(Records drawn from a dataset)
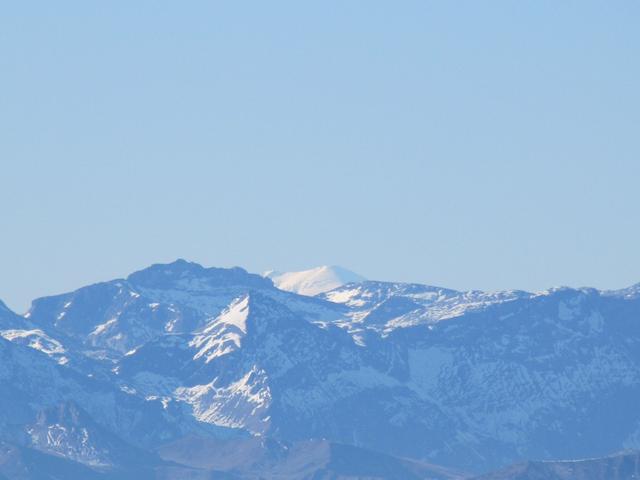 die Sicht reicht bis zum Mont Blanc !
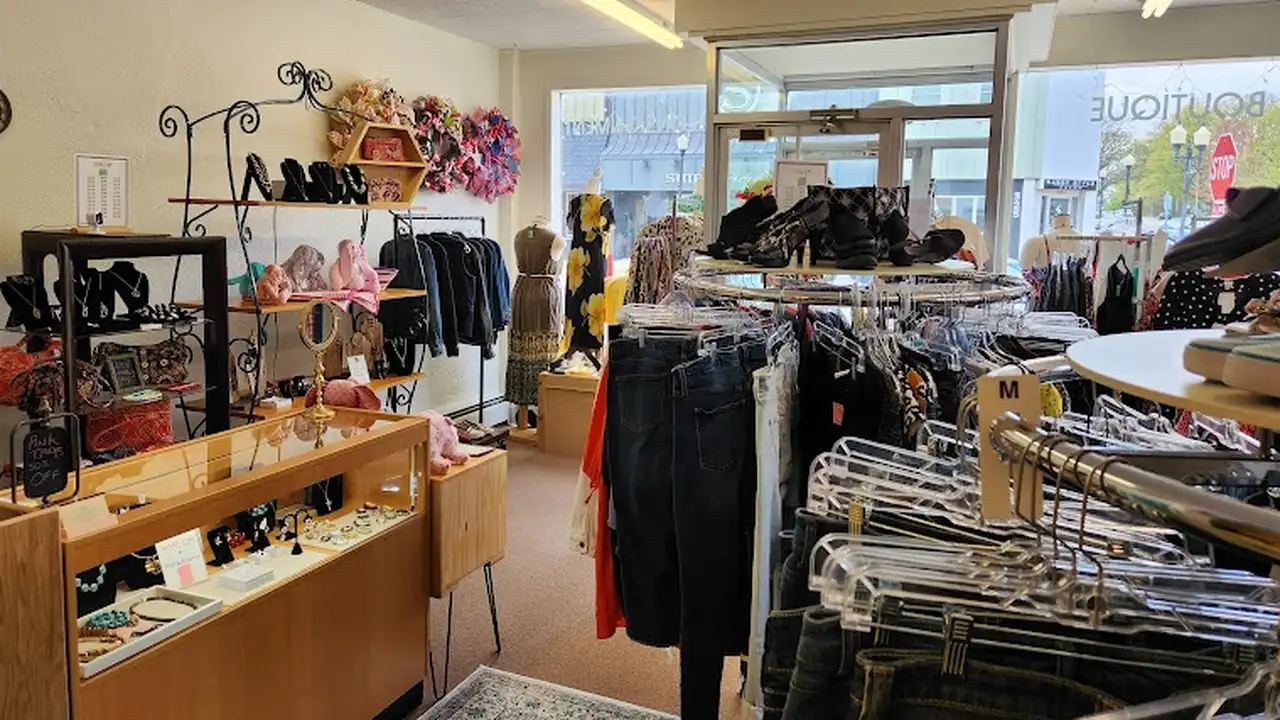 Consignment store in Wilton, Iowa: Cedar Closet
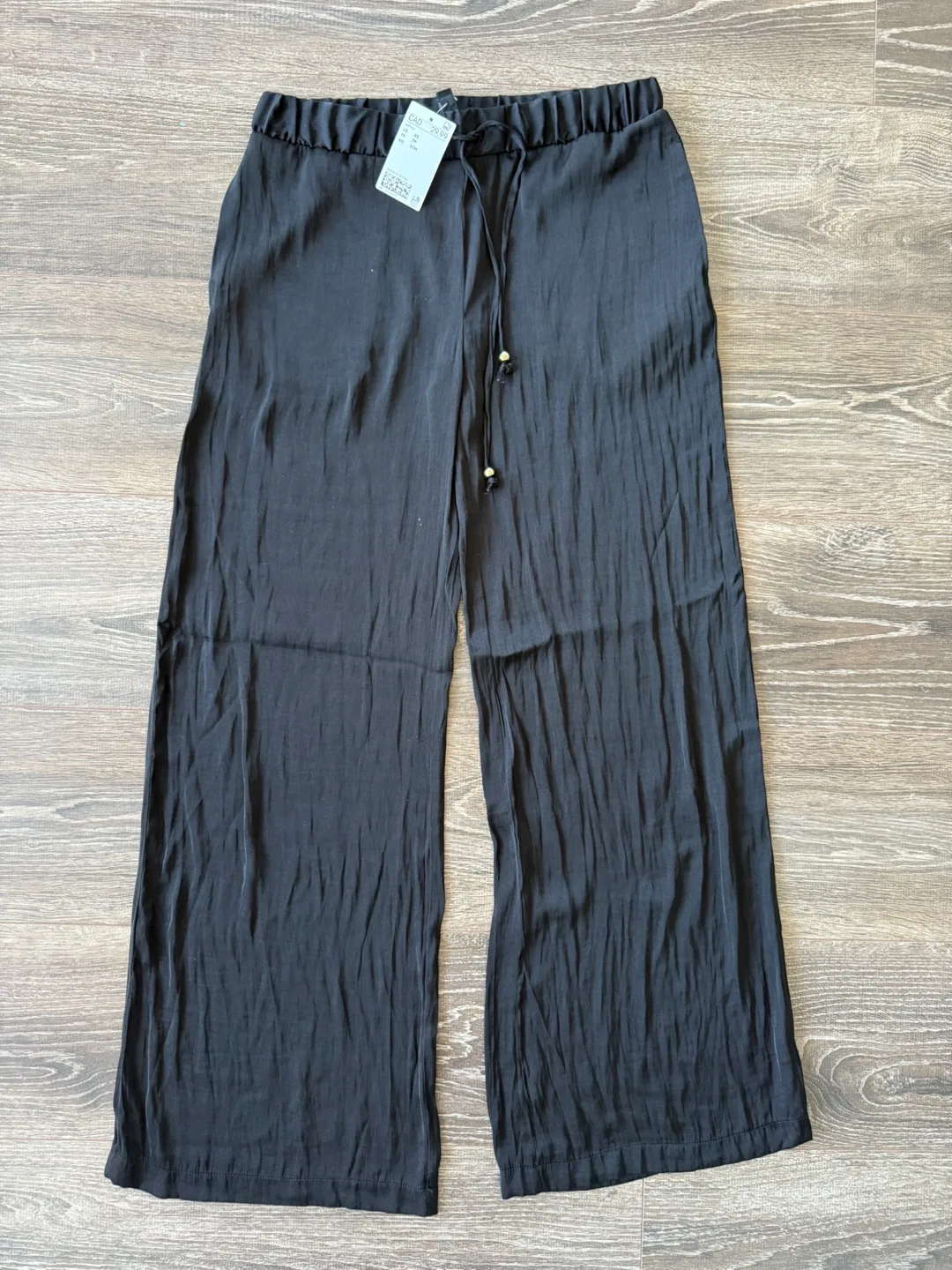 Brand new Silky wide leg pants size xs thumbnail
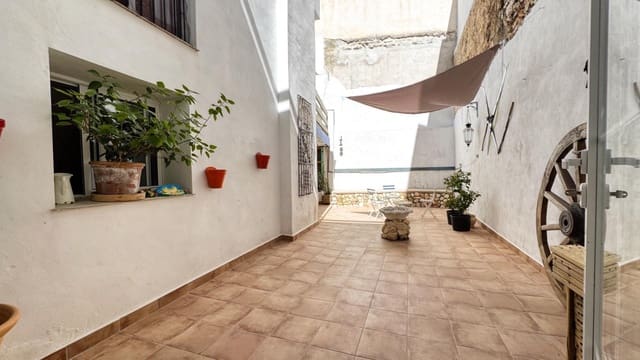 Casa de 5 habitaciones en Pego en venta - 299.000 € (Ref: 10140061)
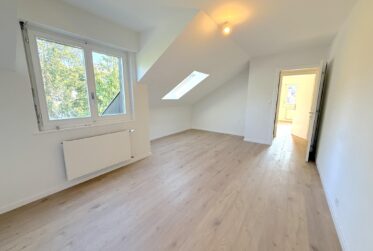Grand appartement de 3.5 pièces avec balcon, au dernier étage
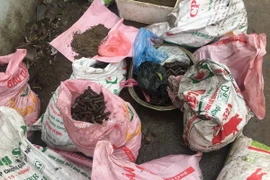 Những túi đầu đạn được thu gom tại trong vụ nổ ở Bắc Ninh. (Ảnh: Thái Hùng/TTXVN)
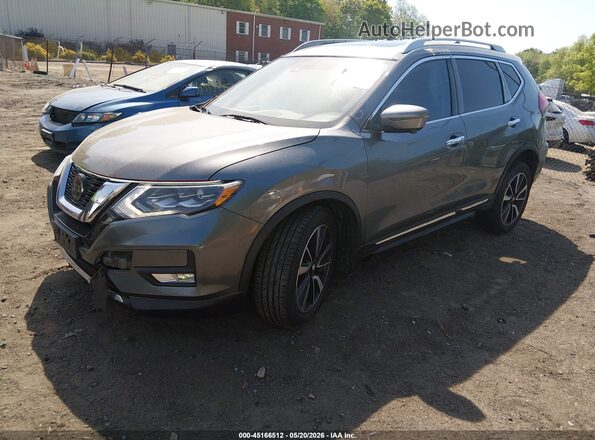 JN8AT2MV2JW310456 2018 NISSAN ROGUE Серый Передняя левая четверть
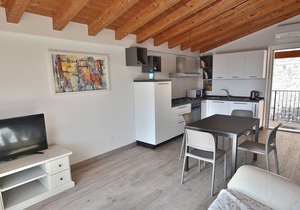 Blue Apartment in Marciaga di Costermano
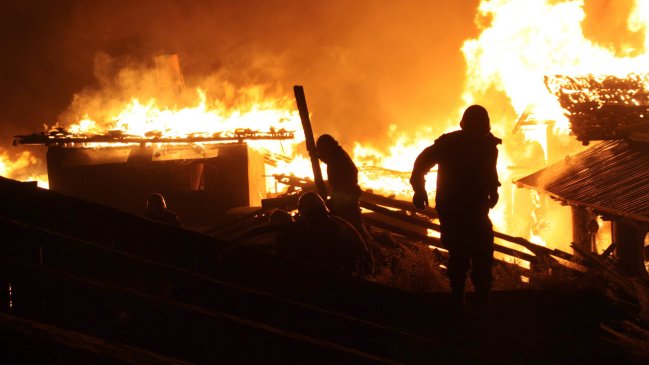 Incendio arrasa con milenario pueblo tibetano de Shangri-la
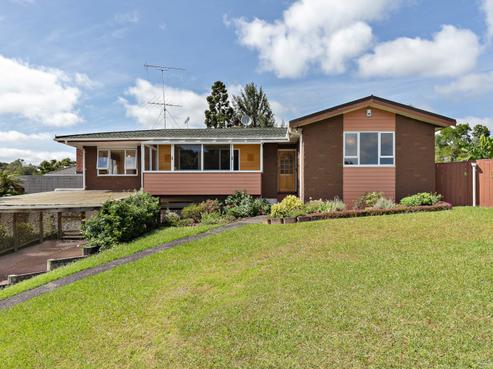 93 Eskdale Road, Birkdale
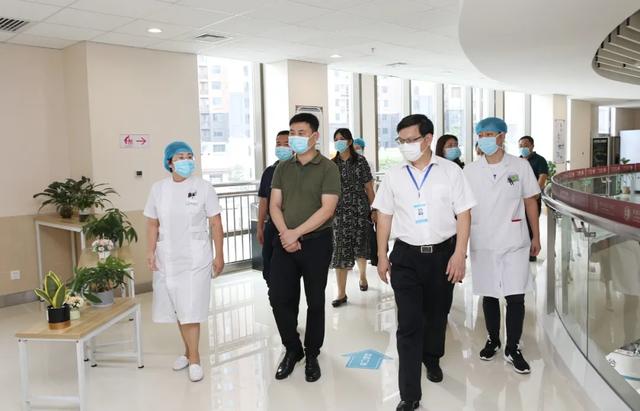 中共南昌市委卫生健康工作委员会书记雷强莅临南昌市第三医院调研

▶ _Brief_
Restate the entries above word for word, keeping pictures out of the copy.

▶ _Answer to this problem_
 die Sicht reicht bis zum Mont Blanc !
 Consignment store in Wilton, Iowa: Cedar Closet
 Brand new Silky wide leg pants size xs thumbnail
 Casa de 5 habitaciones en Pego en venta - 299.000 € (Ref: 10140061)
Grand appartement de 3.5 pièces avec balcon, au dernier étage
 Những túi đầu đạn được thu gom tại trong vụ nổ ở Bắc Ninh. (Ảnh: Thái Hùng/TTXVN)
 JN8AT2MV2JW310456 2018 NISSAN ROGUE Серый Передняя левая четверть
 Blue Apartment in Marciaga di Costermano
 Incendio arrasa con milenario pueblo tibetano de Shangri-la
 93 Eskdale Road, Birkdale
 中共南昌市委卫生健康工作委员会书记雷强莅临南昌市第三医院调研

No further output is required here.